* [Problem to solve]:
Give back, word for word, the lines in the listing below from the one holding "PompeyVentures's tweet photo." down to the one holding "Cute cartoon children's", both ends included.

* [Data to examine]:
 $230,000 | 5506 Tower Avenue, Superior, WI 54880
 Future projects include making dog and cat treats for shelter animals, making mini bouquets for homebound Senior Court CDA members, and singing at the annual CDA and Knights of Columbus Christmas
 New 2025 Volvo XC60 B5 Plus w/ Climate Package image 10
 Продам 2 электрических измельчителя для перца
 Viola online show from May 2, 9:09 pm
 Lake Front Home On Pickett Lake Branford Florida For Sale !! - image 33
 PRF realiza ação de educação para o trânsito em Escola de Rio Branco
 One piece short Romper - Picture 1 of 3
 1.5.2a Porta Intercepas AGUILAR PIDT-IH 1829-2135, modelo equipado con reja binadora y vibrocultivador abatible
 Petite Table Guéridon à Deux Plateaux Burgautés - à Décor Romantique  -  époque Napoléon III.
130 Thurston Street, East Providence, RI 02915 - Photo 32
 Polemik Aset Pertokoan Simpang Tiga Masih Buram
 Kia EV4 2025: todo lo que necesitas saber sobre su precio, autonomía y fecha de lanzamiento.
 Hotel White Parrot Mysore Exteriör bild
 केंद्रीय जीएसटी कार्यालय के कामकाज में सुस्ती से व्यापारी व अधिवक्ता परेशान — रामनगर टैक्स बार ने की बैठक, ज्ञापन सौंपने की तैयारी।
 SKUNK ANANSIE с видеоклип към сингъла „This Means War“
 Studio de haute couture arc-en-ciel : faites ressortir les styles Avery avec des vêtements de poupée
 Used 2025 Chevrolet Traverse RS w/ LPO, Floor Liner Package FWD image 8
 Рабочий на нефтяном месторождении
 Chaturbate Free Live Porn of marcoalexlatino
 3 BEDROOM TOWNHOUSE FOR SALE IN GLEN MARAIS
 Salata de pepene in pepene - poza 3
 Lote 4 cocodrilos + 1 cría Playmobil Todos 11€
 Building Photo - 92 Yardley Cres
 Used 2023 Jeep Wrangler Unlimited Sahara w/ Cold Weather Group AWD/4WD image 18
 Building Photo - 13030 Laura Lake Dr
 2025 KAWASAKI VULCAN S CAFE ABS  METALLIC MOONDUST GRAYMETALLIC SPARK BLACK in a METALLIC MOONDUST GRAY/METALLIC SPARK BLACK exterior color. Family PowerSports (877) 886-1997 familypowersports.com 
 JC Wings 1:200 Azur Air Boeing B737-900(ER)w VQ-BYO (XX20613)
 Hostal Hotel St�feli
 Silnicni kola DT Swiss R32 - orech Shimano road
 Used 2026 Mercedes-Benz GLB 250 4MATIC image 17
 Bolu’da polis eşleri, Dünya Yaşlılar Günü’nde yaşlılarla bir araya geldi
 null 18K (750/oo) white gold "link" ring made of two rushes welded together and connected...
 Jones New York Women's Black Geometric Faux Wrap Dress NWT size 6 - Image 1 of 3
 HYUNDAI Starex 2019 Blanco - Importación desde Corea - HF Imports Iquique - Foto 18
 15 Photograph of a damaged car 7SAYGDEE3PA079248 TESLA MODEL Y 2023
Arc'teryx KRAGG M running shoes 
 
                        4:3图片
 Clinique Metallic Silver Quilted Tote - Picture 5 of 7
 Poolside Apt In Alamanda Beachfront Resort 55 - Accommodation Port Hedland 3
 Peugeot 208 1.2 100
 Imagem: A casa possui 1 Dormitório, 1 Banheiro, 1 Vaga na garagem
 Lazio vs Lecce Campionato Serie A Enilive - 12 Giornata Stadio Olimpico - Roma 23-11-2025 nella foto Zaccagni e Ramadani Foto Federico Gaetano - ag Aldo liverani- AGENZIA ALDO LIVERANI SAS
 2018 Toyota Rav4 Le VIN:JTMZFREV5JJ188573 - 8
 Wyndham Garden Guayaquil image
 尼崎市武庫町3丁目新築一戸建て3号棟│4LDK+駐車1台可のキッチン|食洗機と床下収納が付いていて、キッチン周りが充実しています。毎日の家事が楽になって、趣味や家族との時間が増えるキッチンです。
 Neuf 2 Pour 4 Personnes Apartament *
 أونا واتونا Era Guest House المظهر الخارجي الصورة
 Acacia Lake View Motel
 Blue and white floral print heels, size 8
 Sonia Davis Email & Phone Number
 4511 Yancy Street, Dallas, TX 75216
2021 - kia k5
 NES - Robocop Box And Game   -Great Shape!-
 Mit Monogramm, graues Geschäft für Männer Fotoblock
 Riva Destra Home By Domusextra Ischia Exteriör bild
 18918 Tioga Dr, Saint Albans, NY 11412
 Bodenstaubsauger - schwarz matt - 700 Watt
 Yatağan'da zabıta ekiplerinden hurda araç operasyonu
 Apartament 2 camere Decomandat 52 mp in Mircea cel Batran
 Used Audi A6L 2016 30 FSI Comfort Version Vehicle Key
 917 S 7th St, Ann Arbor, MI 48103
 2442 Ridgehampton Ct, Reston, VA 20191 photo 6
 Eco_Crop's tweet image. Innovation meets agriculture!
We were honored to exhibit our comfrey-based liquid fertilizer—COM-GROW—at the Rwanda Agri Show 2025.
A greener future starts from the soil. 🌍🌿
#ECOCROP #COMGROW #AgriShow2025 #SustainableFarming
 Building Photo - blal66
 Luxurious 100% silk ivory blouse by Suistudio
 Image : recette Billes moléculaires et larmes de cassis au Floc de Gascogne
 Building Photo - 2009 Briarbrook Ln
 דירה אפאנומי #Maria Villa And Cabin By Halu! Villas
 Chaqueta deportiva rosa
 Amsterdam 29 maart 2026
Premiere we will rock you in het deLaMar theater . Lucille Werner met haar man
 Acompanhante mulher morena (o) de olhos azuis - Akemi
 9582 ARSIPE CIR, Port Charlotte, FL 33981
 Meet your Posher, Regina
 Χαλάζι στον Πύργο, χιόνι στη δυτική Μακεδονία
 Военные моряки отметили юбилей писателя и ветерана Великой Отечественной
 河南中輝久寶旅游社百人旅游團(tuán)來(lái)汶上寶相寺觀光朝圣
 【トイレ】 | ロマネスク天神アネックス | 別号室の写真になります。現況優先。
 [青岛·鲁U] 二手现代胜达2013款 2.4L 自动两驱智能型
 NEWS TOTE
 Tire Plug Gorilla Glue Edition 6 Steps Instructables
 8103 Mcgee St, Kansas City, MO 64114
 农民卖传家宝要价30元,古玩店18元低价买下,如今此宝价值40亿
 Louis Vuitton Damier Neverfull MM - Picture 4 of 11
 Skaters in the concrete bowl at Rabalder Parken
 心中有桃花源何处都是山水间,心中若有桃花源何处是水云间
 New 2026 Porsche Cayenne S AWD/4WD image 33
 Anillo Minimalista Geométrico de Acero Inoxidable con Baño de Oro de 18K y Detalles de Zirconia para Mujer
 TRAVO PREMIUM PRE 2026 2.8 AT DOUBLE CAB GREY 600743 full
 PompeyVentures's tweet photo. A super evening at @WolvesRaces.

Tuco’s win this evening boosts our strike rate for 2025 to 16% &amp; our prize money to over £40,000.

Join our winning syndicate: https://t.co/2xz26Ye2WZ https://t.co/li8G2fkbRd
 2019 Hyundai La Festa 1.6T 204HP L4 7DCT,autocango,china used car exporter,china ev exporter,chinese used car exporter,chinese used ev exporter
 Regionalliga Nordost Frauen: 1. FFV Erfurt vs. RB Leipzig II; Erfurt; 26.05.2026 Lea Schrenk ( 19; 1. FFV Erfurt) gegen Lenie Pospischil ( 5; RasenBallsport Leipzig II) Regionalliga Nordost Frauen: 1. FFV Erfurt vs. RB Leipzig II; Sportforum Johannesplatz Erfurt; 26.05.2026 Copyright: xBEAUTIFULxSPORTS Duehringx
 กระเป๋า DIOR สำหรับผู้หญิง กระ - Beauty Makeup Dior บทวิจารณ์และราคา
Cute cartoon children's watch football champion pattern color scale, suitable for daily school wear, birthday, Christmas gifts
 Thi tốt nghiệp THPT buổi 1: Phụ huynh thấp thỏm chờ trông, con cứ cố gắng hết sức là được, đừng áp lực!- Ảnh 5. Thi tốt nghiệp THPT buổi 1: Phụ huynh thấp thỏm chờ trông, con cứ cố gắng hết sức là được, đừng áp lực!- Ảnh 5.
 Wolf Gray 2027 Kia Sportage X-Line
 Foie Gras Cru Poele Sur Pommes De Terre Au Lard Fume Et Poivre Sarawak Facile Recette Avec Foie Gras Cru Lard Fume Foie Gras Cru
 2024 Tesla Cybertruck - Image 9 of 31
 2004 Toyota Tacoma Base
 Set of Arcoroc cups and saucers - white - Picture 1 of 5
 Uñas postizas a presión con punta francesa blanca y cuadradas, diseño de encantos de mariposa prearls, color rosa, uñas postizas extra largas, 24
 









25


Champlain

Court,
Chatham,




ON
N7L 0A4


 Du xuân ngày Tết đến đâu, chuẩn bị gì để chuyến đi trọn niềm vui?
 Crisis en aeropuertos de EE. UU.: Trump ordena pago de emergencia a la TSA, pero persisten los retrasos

* [Task solution]:
 PompeyVentures's tweet photo. A super evening at @WolvesRaces.

Tuco’s win this evening boosts our strike rate for 2025 to 16% &amp; our prize money to over £40,000.

Join our winning syndicate: https://t.co/2xz26Ye2WZ https://t.co/li8G2fkbRd
 2019 Hyundai La Festa 1.6T 204HP L4 7DCT,autocango,china used car exporter,china ev exporter,chinese used car exporter,chinese used ev exporter
 Regionalliga Nordost Frauen: 1. FFV Erfurt vs. RB Leipzig II; Erfurt; 26.05.2026 Lea Schrenk ( 19; 1. FFV Erfurt) gegen Lenie Pospischil ( 5; RasenBallsport Leipzig II) Regionalliga Nordost Frauen: 1. FFV Erfurt vs. RB Leipzig II; Sportforum Johannesplatz Erfurt; 26.05.2026 Copyright: xBEAUTIFULxSPORTS Duehringx
 กระเป๋า DIOR สำหรับผู้หญิง กระ - Beauty Makeup Dior บทวิจารณ์และราคา
Cute cartoon children's watch football champion pattern color scale, suitable for daily school wear, birthday, Christmas gifts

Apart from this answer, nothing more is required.